To kill her you need a balanced team( i prefer one healer ,one ranged , one tank and you.) and Fire Crystal or enough file resistance. I'll suggest you not to go there untill you level is enough.

In case of boy i did only thing to kill him.



Spoiler



Mad hermit has no relation with witherfang and you may choose trade or kill him. I killed him.
And i didn't killed witherfang , in place of that i killed Zathrian.


----------



## deepak8286 (Jan 5, 2012)

i killed mad hermit. where do i go and find witherfang? 

why should i align with witherfang instead of zatharin?

how do i increase the number of quick slots?

any way to increase experience or skill points drastically?


----------



## Alok (Jan 5, 2012)

To increase no. Of slots just take your pointer to the corner and drag it.

For more experience (without cheating) , only one thing you can do is to fight weak or normal enemies without companion. To do this click on "hold position" button below their avtar and take them away from battle.

And answer for your above two ques. depends on your choice.


----------



## deepak8286 (Jan 6, 2012)

where can i get alistair templar armor..any videos for it?


----------



## Alok (Jan 6, 2012)

^^Go to circle tower and there you'll face a desire demon talking to a Templar. Kill him and loot that armor.


----------



## Piyush (Jan 6, 2012)

deepak8286 said:


> *what/how/when/why/who....*


download PRIMA guide for dragon age
I cant help you with the download links


----------



## deepak8286 (Jan 6, 2012)

Kola2842 said:


> ^^Go to circle tower and there you'll face a desire demon talking to a Templar. Kill him and loot that armor.



do u mean apprentice notes?

i finished the circle tower mission and did not find such

meanwhile oghren intends to join me in deep roads....shall i choose him? will he be useful


----------



## Alok (Jan 7, 2012)

I means about Templar Armor. You missed that in circle tower.

Oghren is warrior , IMO take him to your party but use at your will. Depends on what is your team currently  ,There must be at least one mage and one damage dealer.


----------



## deepak8286 (Jan 7, 2012)

do u mean Knight-Commander Greagoir in the circle of tower?


----------



## Alok (Jan 7, 2012)

Ok here i found picture of it. When you get into circle tower , if you go through every room you'll find "a desire demon and Templar talking to each other".
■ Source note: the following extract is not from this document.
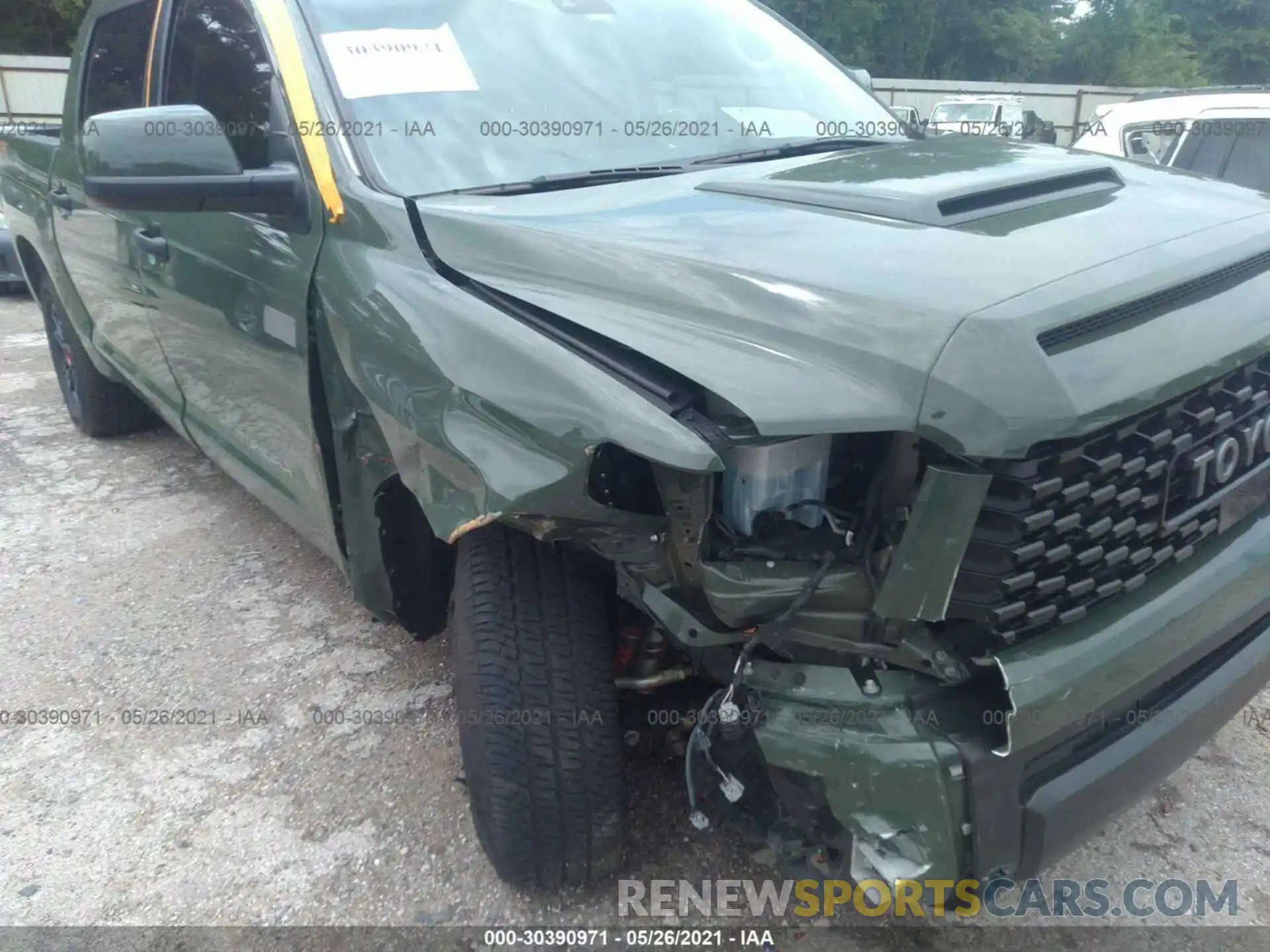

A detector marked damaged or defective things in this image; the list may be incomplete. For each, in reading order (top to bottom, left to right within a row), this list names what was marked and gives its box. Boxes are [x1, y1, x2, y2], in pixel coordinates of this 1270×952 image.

In pic. Below there is a templar on left side . Kill both of then and you'll get Templar Armor in loot.


Spoiler



*images.wikia.com/dragonage/images/c/c8/Desire_Demon.jpg


----------



## gameranand (Jan 7, 2012)

Oh boy you are asking too many questions. You know what I have one answer for all of them. Its a game so figure out everything yourself. I know all the answers for your questions but you really should try everything yourself. If you know the outcome already then where is fun in making a decesion. Only ask here if you are really stuck somewhere not these random questions.


----------



## deepak8286 (Jan 7, 2012)

i explored the whole of circle tower but couldnt find the desire demon and templar.... can any one tell which floor it was...........
*imageshack.us/photo/my-images/830/87869154.jpg/




*img830.imageshack.us/img830/591/87869154.jpg

*

@gamer anand - i m new to rpg*


----------



## Alok (Jan 8, 2012)

*^^Its on fourth flore.*



gameranand said:


> Its a game so figure out everything yourself. I know all the answers for your questions but you really should try everything yourself. If you know the outcome already then where is fun in making a decesion. Only ask here if you are really stuck somewhere not these random questions.



yes totally agree.


----------



## gameranand (Jan 8, 2012)

@ deepak
Yes I know that you are new to RPG genre. But dude still your previous questions were like a storw. Now this question you asked is good. As for answer be prepared for a tough fight and take out the templer first to save yourself.


----------



## deepak8286 (Jan 8, 2012)

gameranand said:


> @ deepak
> Yes I know that you are new to RPG genre. But dude still your previous questions were like a storw. Now this question you asked is good. As for answer be prepared for a tough fight and take out the templer first to save yourself.



@anand
check out the screenshot above...i m in the templar quarters in tht room where u say desire demon and tht templar is......but i cant find such...the screen shot proves it....


----------



## Alok (Jan 8, 2012)

Search for every room on "FOURTH FLORE".

Try it. If still you can't then i can provide map.


----------



## Piyush (Jan 8, 2012)

give me your save file


----------



## Neuron (Jan 8, 2012)

Piyush said:


> give me your save file


----------



## Alok (Jan 8, 2012)

Piyush said:


> give me your save file



do you want mine??
Which character,
human warrior,
human mage,
elf rogue.


----------



## Neuron (Jan 8, 2012)

Kola2842 said:


> do you want mine??
> Which character,
> human warrior,
> human mage,
> elf rough.



lol,not yours mate.


----------



## Piyush (Jan 8, 2012)

Kola2842 said:


> do you want mine??
> Which character,
> human warrior,
> human mage,
> elf *rough*.



are you playing with 3 characters at the same time?!?!
and elf rough must be deadly 

and did you download that Prima guide which I told you the other day?


----------



## Alok (Jan 8, 2012)

Piyush said:


> are you playing with 3 characters at the same time?!?!
> and elf rough must be deadly



No one by one,

 My first playthrough character was Elf Rogue.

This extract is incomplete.